There is a common public perception, driven by the press, that criminal solicitors are like Aladdin, rub the lamp and right on cue the money comes a flowing. The reality is so far from this perception it’s not even in the same ball-park. I would love to be Aladdin and get one rub of the lamp, not for the money to come a flowing but so I can jump forward 5 years and look at the smouldering remains of a once proud criminal legal system, laid to waste by a government intent on making savings that are not there to be made.

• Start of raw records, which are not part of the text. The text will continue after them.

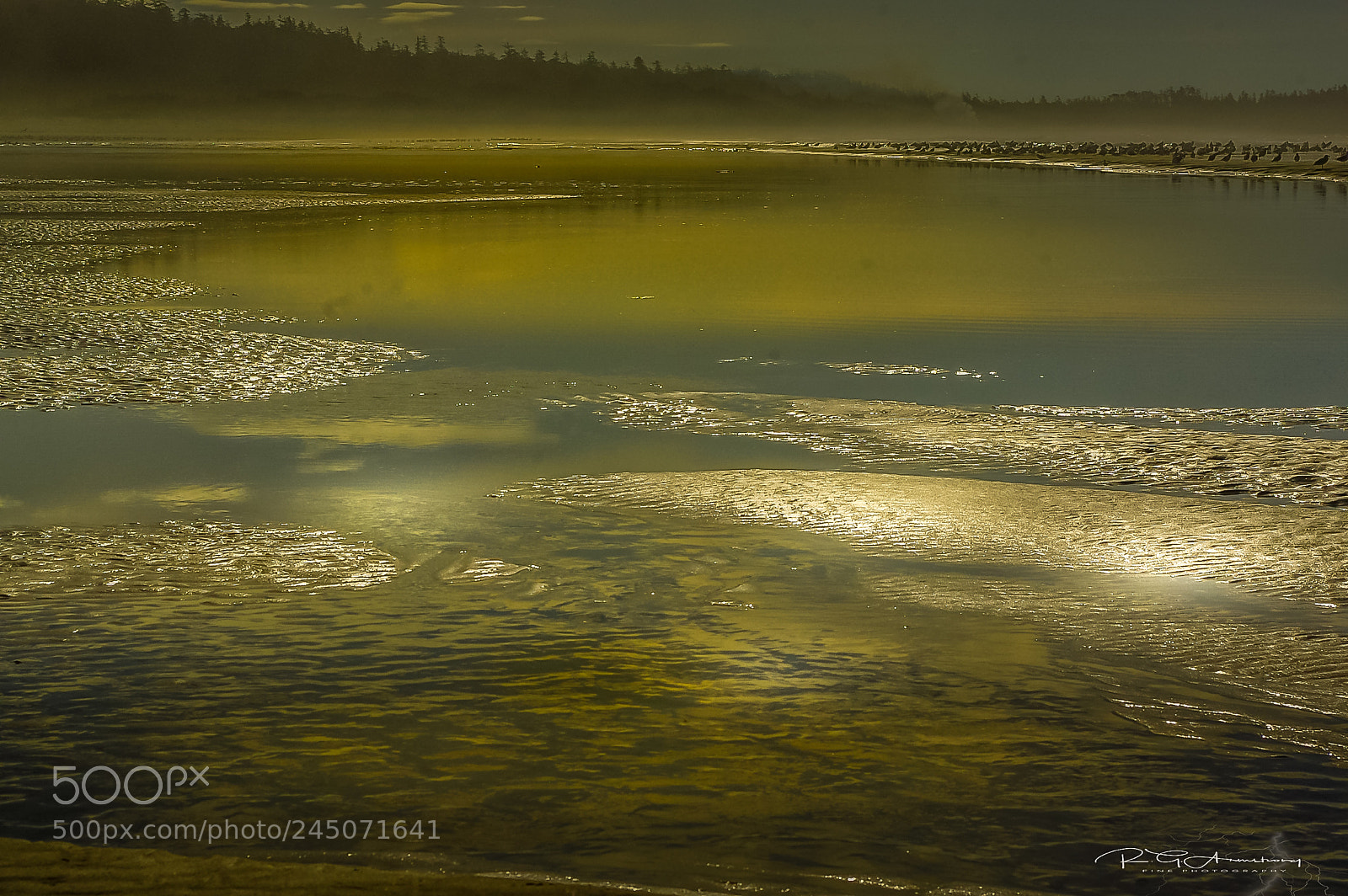 Pentax K200D sample photo. Mysterious beach light photography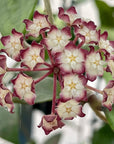 Hoya finlaysonii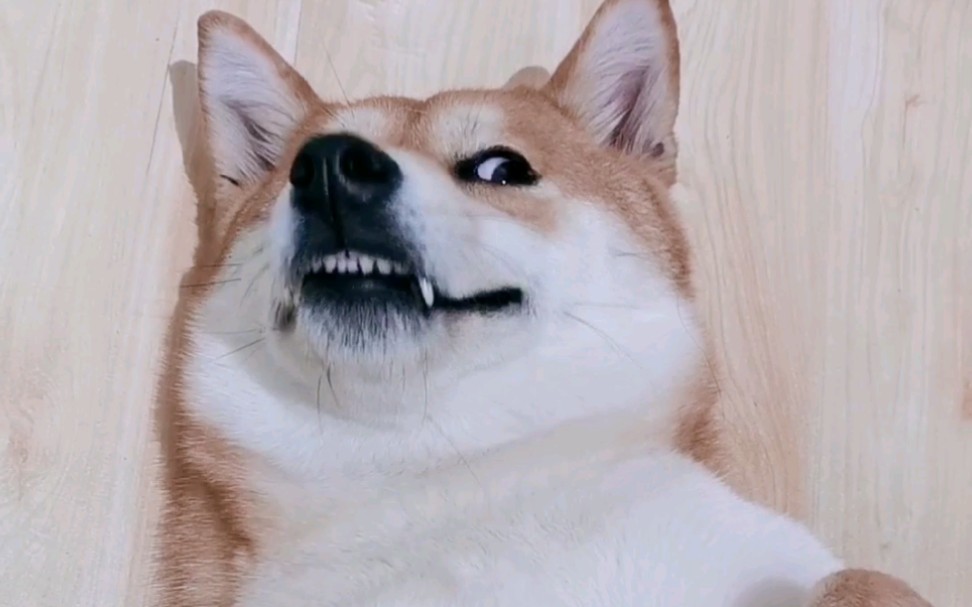 【柴犬】给你个眼神自己体会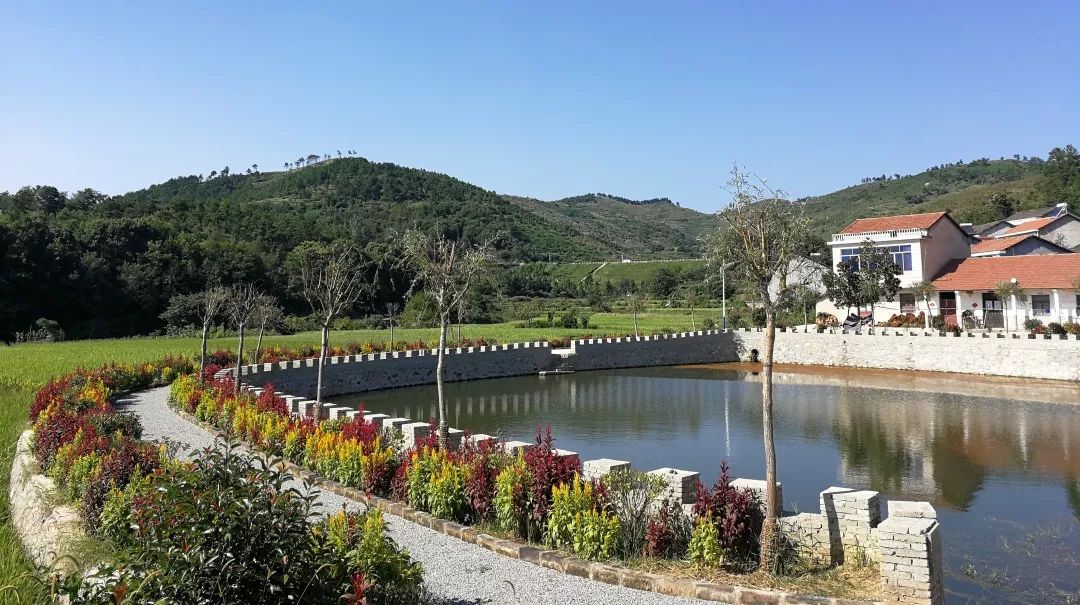 马曹庙镇全面提升人居环境推动高质量发展新篇章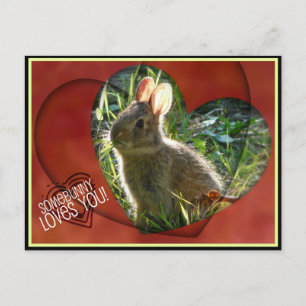 Somebunny Loves You! Bunny Photograph Postcard
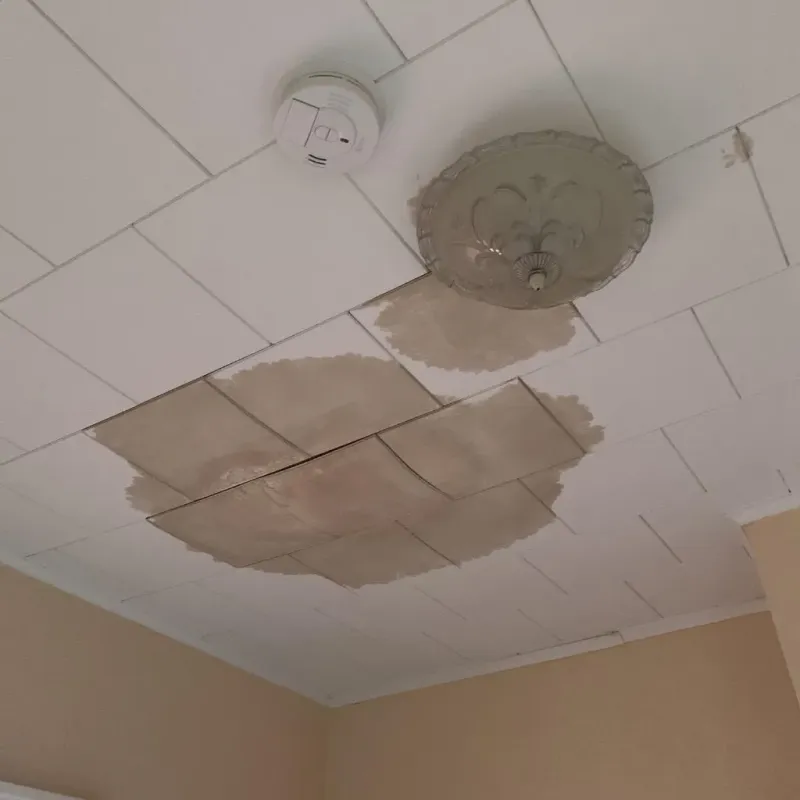 Ceiling Water Damage Repair in Faulkner County, AR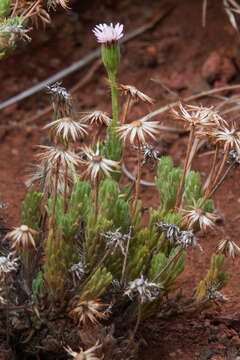 Imagem de Tetramolopium humile (A. Gray) Hillebr.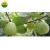 Import HIGH QUALITY FRESH GUAVA WITH CERTIFICATION HACCP FROM VIET NAM from Vietnam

Let me take you on a journey. I attend at the police station to represent my client, or a client assigned to me because I am on Police Station duty. This could be anytime, day or night and I could be there for 1 hour or 10 hours depending on how long the police wish to interview. The firm receives less than £150 for this. If the client is charged with the offence, onto the Magistrates court we go. Clearly some case preparation will be required by me and attendance at the court, which could be a morning, an afternoon or all day depending on where my client is in the list. My firm gets paid a small fixed fee for this. This is where the majority of cases end, and although some cases move onto the Crown Court for jury trial, they are very much in the minority. Clearly Crown Court is the more lucrative part of Legal Aid for solicitors, but when you take into account the work required for most Crown Court cases, the hourly rate can also be pretty poor.
Now don’t get me wrong, there are savings to be made from the Justice system, I see the wasteful nature of the system in action every day, but criminal legal aid isn’t the place to find those savings.
There are a small number of criminal solicitors that make a very good living from their chosen craft, just like some bankers and accountants. That’s no reason to tarnish the whole profession with the same brush.
Our legal system is built on the pillars of justice for all. If the changes and cuts to criminal legal aid are implemented, these pillars may start to tumble, with only those with wealth being able to benefit. Surely that is wrong, and shouldn’t be allowed? If only we had a lamp like Aladdin!!